*To do:*
Search the entries for the word "Suites" and return every line where it is found.

*Supplied records:*
□ □ □
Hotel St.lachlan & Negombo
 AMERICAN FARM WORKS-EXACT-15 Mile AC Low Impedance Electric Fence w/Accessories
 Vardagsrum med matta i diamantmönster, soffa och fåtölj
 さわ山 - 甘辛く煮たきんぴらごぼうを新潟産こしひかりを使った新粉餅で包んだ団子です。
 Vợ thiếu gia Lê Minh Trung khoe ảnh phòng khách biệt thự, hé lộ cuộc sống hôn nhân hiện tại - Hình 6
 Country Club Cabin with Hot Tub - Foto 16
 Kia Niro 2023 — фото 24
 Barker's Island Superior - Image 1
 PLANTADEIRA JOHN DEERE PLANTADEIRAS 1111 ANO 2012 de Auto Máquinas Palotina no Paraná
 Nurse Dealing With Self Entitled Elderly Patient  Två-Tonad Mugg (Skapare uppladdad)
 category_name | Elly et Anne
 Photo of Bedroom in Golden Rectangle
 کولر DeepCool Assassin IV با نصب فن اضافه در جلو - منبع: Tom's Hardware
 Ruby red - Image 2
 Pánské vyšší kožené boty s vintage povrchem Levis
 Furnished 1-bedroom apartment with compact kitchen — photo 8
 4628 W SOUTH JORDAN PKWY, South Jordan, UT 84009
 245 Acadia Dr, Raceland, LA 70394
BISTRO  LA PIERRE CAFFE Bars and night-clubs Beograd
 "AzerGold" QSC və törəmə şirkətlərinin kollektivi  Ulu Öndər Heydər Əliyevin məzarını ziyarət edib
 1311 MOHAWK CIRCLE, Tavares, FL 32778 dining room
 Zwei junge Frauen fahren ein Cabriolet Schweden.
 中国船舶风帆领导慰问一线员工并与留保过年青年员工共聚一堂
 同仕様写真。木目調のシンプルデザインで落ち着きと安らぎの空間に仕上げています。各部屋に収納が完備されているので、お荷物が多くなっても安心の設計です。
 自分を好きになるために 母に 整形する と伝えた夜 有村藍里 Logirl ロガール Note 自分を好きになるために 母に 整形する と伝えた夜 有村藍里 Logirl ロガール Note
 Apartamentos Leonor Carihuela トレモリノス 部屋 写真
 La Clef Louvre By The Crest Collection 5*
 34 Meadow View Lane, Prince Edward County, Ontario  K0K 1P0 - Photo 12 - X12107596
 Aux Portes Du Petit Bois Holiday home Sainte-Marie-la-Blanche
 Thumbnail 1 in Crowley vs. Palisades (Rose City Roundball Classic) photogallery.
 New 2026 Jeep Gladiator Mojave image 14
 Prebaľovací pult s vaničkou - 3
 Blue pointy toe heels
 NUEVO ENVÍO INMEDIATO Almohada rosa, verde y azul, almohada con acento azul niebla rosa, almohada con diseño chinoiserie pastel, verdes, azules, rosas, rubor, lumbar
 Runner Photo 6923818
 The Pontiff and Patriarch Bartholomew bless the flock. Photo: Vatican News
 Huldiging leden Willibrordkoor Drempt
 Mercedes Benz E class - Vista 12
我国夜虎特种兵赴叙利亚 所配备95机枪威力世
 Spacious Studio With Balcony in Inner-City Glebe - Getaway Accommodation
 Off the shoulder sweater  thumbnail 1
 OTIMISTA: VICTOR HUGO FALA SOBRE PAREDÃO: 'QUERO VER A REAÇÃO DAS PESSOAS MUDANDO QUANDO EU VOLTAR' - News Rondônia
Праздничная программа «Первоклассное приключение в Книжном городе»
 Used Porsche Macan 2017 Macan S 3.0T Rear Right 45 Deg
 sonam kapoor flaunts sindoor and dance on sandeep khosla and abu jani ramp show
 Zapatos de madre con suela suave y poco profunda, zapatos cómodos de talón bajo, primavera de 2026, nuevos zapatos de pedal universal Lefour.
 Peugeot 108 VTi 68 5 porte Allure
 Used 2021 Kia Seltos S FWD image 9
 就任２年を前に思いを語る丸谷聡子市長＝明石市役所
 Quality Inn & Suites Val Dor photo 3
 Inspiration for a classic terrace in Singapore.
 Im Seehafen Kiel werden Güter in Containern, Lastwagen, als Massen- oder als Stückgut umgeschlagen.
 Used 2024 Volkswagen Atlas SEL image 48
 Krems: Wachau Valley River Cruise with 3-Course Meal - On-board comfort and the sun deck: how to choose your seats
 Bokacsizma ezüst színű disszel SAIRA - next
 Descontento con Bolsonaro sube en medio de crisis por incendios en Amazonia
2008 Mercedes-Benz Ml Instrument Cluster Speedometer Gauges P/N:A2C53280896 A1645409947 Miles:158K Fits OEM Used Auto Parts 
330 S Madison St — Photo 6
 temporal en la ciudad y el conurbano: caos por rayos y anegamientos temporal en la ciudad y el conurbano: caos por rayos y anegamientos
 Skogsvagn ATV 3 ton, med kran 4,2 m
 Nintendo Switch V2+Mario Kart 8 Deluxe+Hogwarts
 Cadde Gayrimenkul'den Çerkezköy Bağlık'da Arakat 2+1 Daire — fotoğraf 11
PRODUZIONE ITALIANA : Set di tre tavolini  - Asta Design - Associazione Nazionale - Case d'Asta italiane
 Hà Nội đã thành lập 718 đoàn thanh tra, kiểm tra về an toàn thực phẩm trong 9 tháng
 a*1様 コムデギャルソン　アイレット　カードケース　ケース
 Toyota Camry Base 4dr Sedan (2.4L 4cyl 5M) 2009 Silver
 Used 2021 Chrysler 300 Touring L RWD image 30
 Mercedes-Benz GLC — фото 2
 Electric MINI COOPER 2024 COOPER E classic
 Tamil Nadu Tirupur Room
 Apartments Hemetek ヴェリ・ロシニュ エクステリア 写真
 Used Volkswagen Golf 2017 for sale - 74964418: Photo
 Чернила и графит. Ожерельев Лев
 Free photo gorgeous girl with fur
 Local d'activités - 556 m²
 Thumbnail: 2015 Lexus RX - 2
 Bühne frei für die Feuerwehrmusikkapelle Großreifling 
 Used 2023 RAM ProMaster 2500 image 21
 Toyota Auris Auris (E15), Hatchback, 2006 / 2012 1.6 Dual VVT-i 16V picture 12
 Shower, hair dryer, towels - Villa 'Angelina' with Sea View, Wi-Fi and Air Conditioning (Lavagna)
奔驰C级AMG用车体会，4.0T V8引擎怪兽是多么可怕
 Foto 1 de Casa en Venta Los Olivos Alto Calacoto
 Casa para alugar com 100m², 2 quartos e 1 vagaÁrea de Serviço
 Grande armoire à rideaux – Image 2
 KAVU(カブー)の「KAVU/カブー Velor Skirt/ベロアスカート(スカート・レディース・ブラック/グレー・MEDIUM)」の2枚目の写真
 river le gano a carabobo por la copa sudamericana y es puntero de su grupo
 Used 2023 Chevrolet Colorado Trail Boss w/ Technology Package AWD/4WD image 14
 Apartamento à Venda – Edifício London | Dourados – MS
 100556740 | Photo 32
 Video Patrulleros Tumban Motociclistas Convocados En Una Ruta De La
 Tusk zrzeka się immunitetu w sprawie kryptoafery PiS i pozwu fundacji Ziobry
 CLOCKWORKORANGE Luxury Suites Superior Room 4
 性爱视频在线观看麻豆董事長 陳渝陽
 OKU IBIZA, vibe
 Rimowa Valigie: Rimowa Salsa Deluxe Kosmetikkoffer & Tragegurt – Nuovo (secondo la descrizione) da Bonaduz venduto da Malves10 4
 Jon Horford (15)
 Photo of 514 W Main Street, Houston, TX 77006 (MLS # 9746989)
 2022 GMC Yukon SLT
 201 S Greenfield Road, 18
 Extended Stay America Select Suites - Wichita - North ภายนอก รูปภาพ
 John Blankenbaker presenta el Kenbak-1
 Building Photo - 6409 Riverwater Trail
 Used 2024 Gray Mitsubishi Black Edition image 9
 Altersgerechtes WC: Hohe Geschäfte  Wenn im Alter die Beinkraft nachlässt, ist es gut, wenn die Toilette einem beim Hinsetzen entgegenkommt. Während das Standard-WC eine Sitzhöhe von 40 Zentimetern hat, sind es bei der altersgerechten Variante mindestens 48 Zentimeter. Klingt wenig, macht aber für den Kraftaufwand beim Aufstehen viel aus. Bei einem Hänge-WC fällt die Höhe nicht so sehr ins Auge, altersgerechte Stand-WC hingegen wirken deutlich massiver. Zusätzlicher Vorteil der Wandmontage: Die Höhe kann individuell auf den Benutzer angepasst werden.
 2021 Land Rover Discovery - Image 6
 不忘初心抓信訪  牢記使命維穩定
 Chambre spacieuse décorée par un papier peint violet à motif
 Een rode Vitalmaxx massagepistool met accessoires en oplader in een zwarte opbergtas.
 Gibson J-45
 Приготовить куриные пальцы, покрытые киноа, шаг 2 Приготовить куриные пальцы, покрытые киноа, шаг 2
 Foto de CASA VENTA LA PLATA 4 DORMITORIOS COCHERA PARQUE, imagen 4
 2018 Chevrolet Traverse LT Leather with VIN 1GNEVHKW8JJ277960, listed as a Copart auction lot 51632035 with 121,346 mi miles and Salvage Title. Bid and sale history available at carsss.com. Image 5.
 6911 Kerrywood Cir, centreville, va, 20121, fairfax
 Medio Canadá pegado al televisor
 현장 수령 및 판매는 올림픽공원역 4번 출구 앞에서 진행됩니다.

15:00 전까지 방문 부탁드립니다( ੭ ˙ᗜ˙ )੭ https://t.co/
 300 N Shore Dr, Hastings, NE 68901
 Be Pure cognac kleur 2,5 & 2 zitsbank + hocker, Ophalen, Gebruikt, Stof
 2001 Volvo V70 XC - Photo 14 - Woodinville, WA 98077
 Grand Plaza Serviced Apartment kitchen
□ □ □
*Your response:*
 Quality Inn & Suites Val Dor photo 3
 CLOCKWORKORANGE Luxury Suites Superior Room 4
 Extended Stay America Select Suites - Wichita - North ภายนอก รูปภาพ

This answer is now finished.